The vast majority of insured Americans are unaffected by the furor over the cancellation notices — or by the president’s effort to reinstate the policies — because they get their coverage through their jobs. The cancellations went to people who buy their coverage directly from insurers, an estimated 5 percent of the population.

But they hit a nerve, in large part because of the president’s campaign promise that Americans could keep their insurance if they liked it.

In his comments last week, Obama made the extensions optional, effectively placing the onus on state regulators and insurers. After a meeting with a group of state regulators at the White House Wednesday, the administration affirmed that the decision ultimately rests with state authorities.  “States have different populations with unique needs, and it is up to the insurance commissioner and health insurance companies to decide which insurance products can be offered to existing customers next year,” it said in a statement.

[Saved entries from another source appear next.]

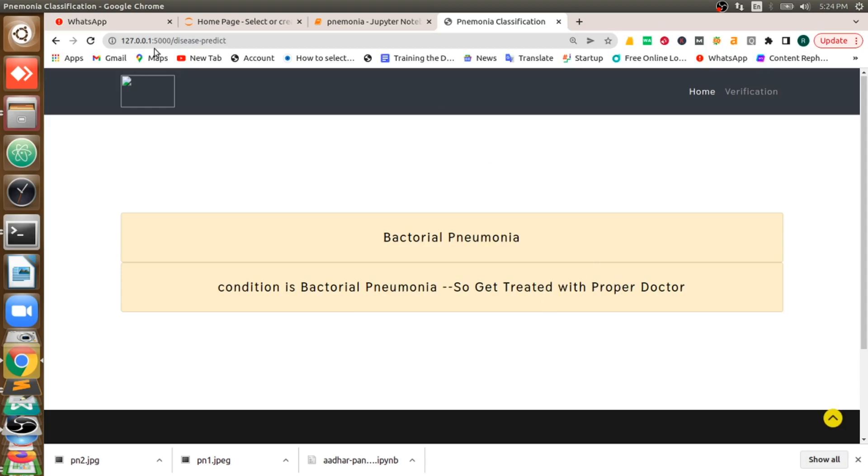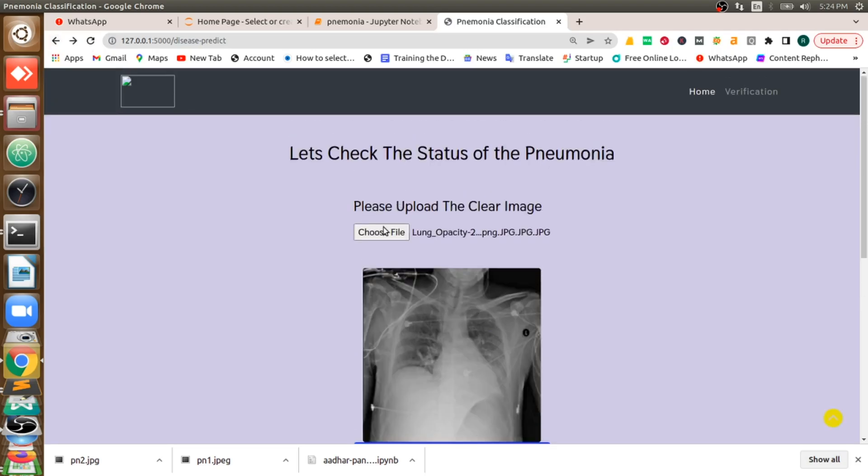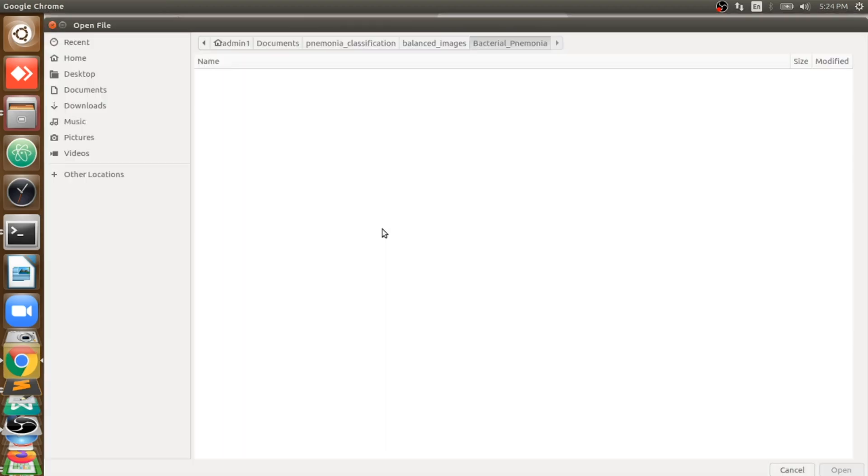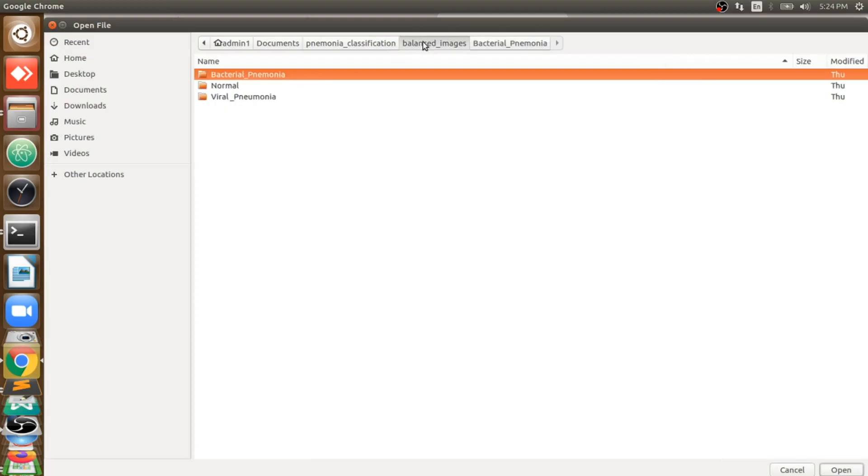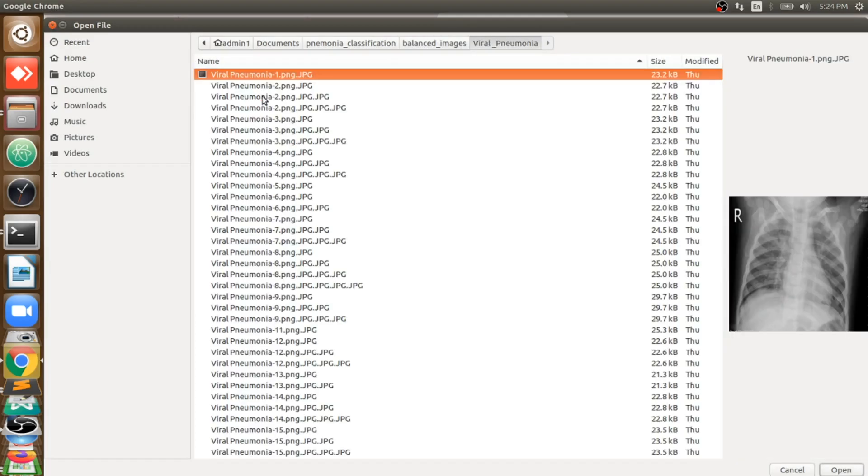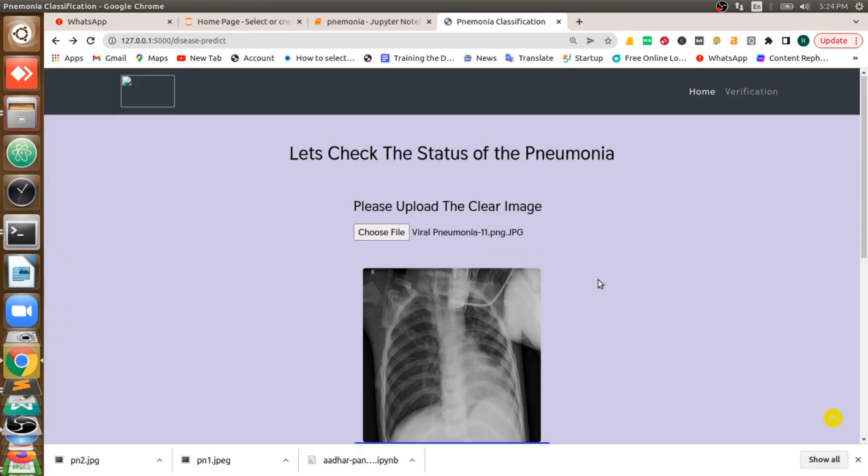This is not enough for us. You can test it on some other images. Our model is working very very good. So we'll test it on viral pneumonia. Let us take some random image.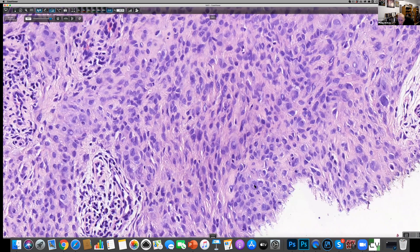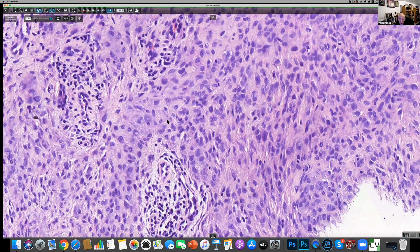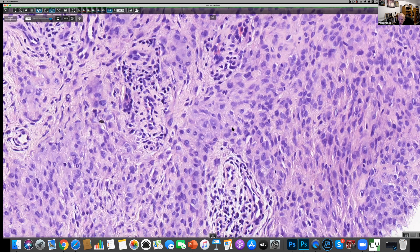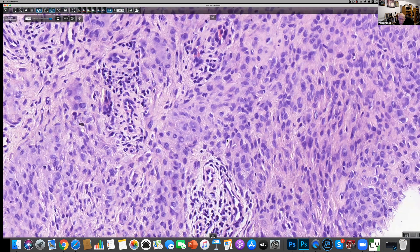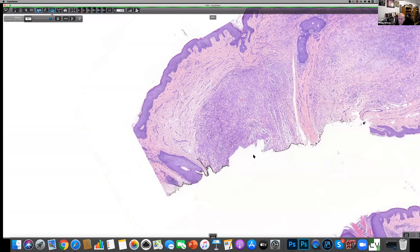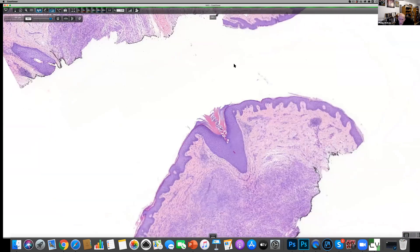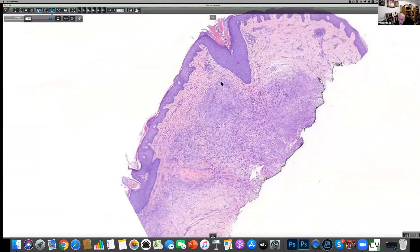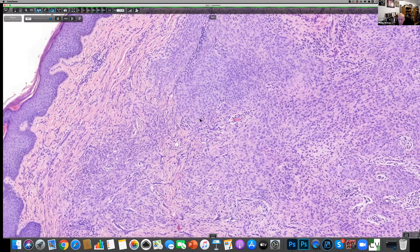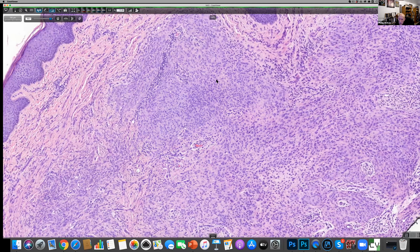Some of the cells are plasmacytoid. You might wonder about some sort of a histiocytic lesion, but I'd be hard pushed to think of one that would have this growth pattern. This is another piece of the tumor and it shows pretty much the same features.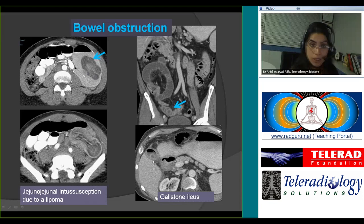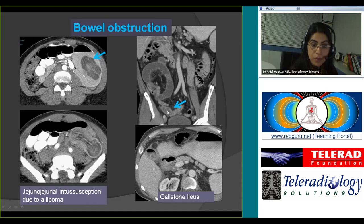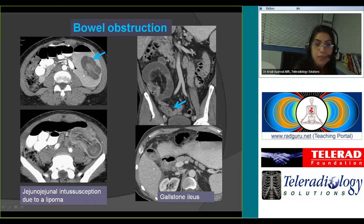In gallstone ileus, seen in elderly female patients aged 60 and above: look for air in the gallbladder lumen or biliary tract, presence of a cholecystoduodenal or cholecystogastric fistula, and look for the transition point. You can faintly see the stone in the small bowel — it's difficult to identify, but its morphology is similar to the stone in the gallbladder — and it is right at the transition point, with dilated bowel proximal and collapsed bowel distal to the impacted gallstone.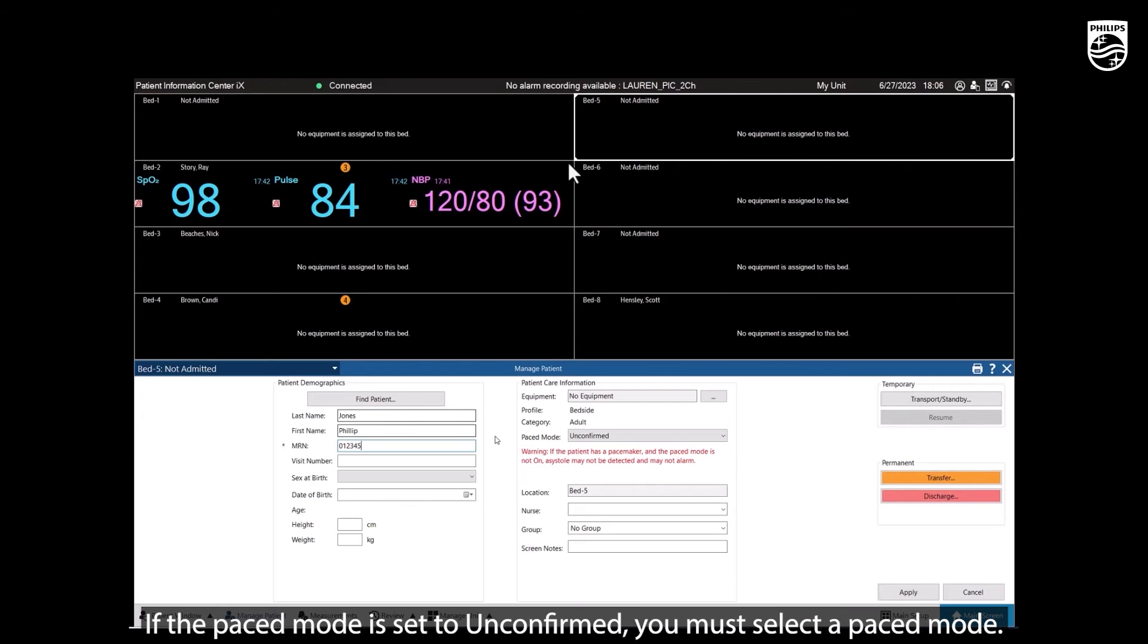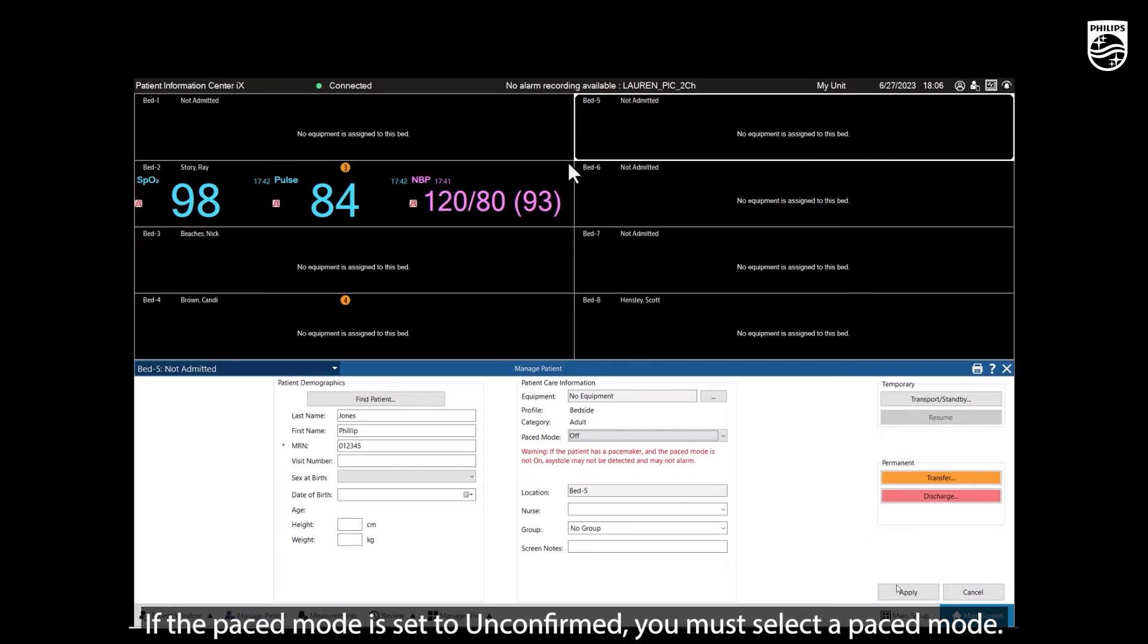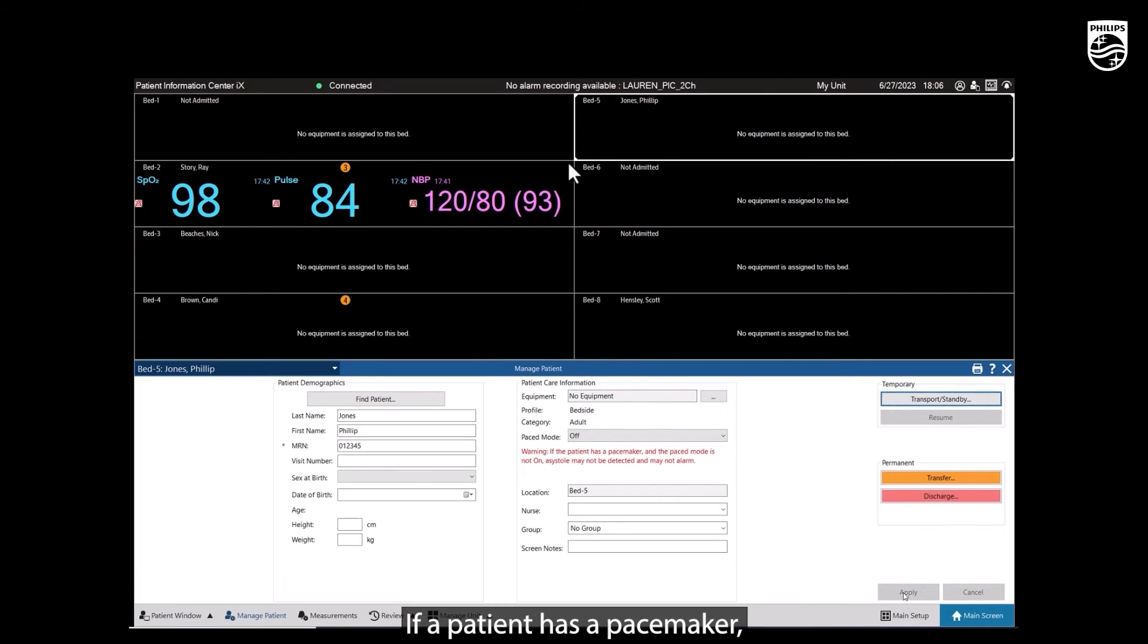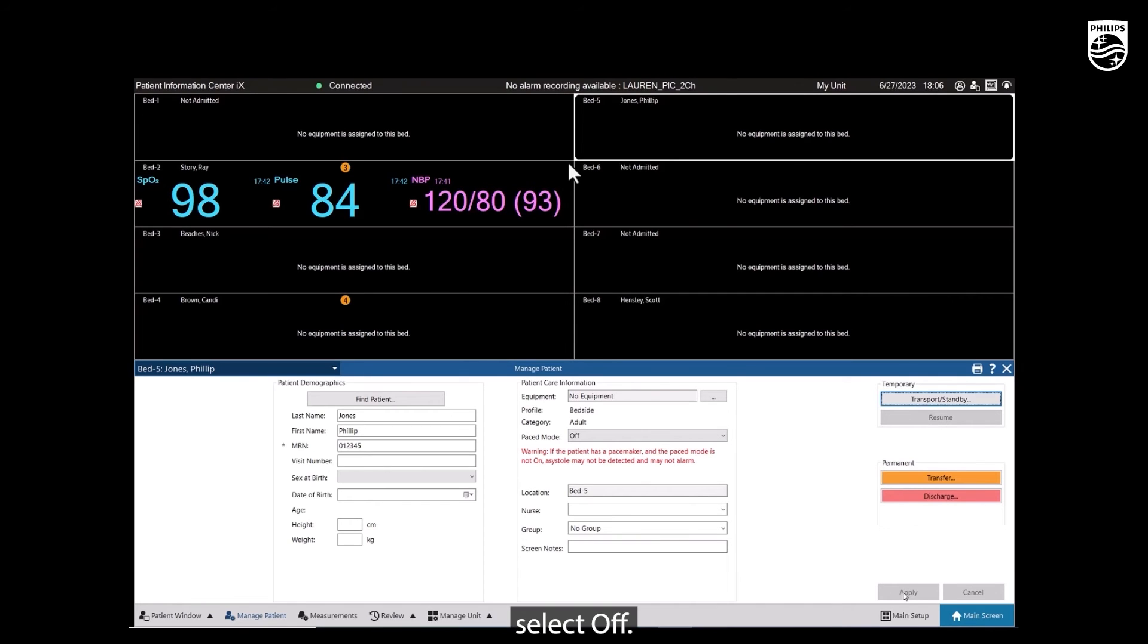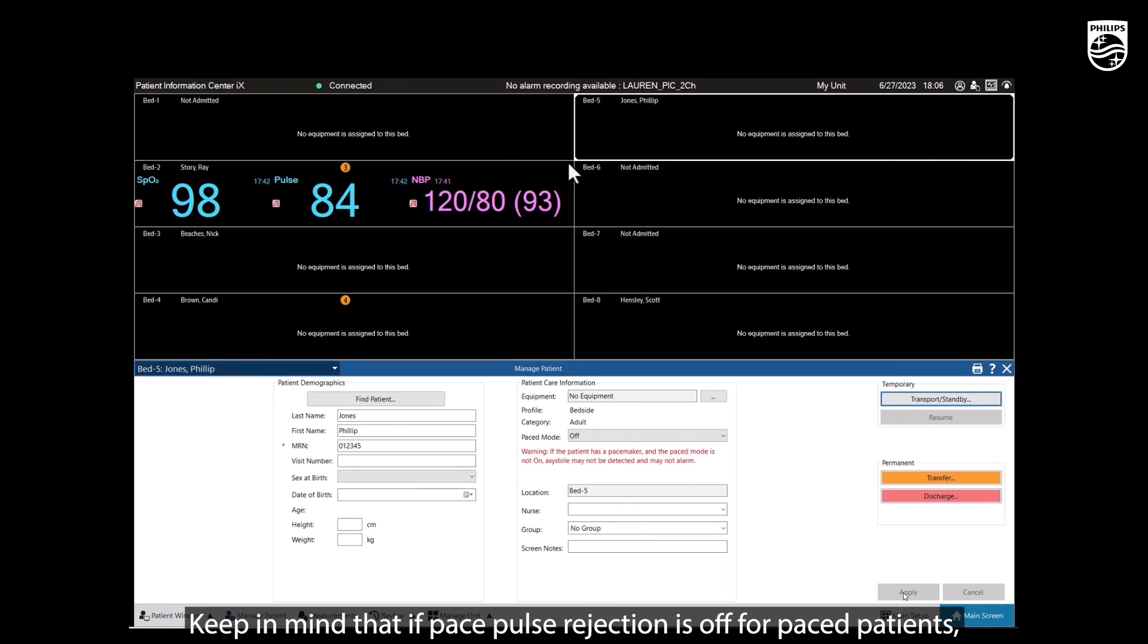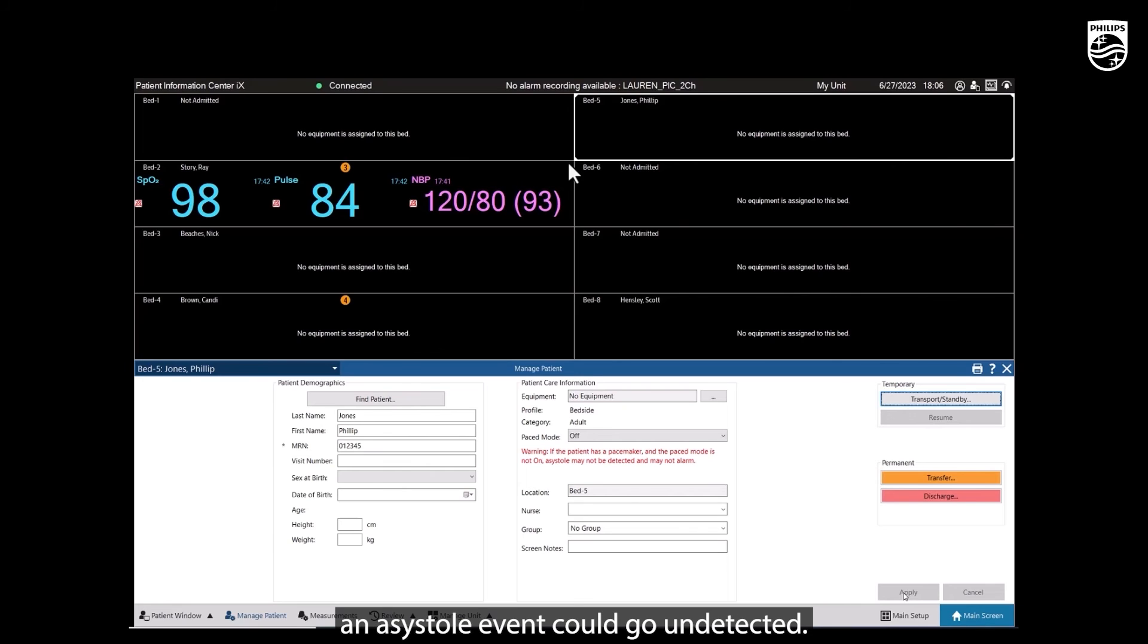If the pace mode is set to unconfirmed, you must select a pace mode. If a patient has a pacemaker, the pace mode must be turned on. If the patient does not have a pacemaker, select off. Keep in mind that if pace pulse rejection is off for pace patients, an asystole event could go undetected.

States that will allow renewals include Oregon, Florida, Kentucky, Texas, Georgia, North Carolina, Arkansas and Ohio, many of which already allowed insurers to “early renew” existing policies into next year. Early renewals allowed insurers to hold onto some of their customers and temporarily sidestep adding new benefits – and costs — to the policies, and likely reduced the number of cancellation notices sent.

“A huge chunk of people” were offered such early renewals, said Carrie McLean, director of customer care at ehealthinsurance, a private website that offers health insurance from 200 carriers. The practice was so common that ehealth included a website link so users could check if their carrier was offering early renewals.

Several Democratic-led states that embraced the health law have offered the strongest pushback. They cite the law’s protections and concerns that allowing renewals could result in fewer young and relatively healthy policyholders in the new marketplaces. States refusing to allow the renewals include California, Washington, Minnesota, New York, and Massachusetts. Indiana, led by Republicans, has also rejected the fix.

California’s decision Thursday not to allow the renewals is particularly significant, since it had 900,000 cancellations — more than any other state.  Its new online market, called Covered California, had required participating insurers to discontinue plans that didn’t meet the law’s standards, except for a limited number that had been in effect before the health law was enacted in March 2010.  Executive Director Peter Lee said Monday the move was an attempt to protect consumers from subpar policies – and to ensure that healthy people would use the new marketplace.

“We were quite concerned that (without such a contractual rule) we would have a large set selling bad coverage in the month of November that would then carry through to 2014,” Lee said.

Regulators in other states say they are still weighing the decision.